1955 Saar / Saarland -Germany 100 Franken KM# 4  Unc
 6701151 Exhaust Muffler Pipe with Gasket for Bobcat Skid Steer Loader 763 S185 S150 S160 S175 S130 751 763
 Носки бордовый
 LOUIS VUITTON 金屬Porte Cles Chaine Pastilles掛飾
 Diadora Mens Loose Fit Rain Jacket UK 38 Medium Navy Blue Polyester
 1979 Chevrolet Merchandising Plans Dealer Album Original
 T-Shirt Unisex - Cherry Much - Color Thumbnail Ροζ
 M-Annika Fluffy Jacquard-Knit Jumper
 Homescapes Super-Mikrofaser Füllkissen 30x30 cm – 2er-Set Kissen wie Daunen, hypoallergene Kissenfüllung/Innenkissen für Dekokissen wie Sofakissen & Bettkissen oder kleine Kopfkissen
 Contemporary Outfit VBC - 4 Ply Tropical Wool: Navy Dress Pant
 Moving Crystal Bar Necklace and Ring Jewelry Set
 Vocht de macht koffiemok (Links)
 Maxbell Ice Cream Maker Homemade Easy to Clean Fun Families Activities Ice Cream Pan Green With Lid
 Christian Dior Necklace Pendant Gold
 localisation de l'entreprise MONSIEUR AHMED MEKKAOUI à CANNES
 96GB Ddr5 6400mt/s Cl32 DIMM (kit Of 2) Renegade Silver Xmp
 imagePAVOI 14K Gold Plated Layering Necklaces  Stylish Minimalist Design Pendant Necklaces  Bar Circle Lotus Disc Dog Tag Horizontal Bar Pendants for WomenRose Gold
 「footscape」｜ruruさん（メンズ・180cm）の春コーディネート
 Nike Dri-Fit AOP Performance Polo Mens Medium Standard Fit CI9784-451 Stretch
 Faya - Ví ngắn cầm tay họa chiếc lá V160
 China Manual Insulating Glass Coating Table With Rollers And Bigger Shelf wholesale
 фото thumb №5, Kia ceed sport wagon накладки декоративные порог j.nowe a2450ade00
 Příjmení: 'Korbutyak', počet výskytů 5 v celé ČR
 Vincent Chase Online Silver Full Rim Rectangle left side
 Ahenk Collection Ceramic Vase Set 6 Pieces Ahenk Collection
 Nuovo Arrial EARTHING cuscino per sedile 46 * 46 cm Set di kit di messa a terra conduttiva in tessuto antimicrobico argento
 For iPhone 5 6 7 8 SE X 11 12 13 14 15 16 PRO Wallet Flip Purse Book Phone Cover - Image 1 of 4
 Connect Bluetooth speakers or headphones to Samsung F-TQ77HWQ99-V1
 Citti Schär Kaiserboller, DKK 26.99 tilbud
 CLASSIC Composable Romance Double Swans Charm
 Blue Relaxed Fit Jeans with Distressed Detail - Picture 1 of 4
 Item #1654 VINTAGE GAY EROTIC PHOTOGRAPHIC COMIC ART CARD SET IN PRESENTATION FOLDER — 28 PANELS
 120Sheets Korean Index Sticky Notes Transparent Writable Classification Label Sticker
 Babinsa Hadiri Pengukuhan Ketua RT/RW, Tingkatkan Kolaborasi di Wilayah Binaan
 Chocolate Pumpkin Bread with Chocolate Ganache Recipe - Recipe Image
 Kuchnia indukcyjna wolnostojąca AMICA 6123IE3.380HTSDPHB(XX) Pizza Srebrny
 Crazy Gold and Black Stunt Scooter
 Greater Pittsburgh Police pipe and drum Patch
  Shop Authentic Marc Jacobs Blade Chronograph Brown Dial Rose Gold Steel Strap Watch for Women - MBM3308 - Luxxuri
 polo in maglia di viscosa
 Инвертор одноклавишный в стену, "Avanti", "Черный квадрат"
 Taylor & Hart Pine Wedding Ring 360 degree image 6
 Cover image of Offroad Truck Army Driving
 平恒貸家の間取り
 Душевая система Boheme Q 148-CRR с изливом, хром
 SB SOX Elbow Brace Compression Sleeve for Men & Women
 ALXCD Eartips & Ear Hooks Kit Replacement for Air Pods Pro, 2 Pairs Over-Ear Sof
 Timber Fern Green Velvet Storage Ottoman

* * * * *

Among the records above, a stretch begins at the line containing "120Sheets Korean Index" and ends at the line containing "Cover image of Offroad Truck Army Driving". Restate that stretch word for word, and nothing else.

- SOLUTION TO THIS PROBLEM:
 120Sheets Korean Index Sticky Notes Transparent Writable Classification Label Sticker
 Babinsa Hadiri Pengukuhan Ketua RT/RW, Tingkatkan Kolaborasi di Wilayah Binaan
 Chocolate Pumpkin Bread with Chocolate Ganache Recipe - Recipe Image
 Kuchnia indukcyjna wolnostojąca AMICA 6123IE3.380HTSDPHB(XX) Pizza Srebrny
 Crazy Gold and Black Stunt Scooter
 Greater Pittsburgh Police pipe and drum Patch
  Shop Authentic Marc Jacobs Blade Chronograph Brown Dial Rose Gold Steel Strap Watch for Women - MBM3308 - Luxxuri
 polo in maglia di viscosa
 Инвертор одноклавишный в стену, "Avanti", "Черный квадрат"
 Taylor & Hart Pine Wedding Ring 360 degree image 6
 Cover image of Offroad Truck Army Driving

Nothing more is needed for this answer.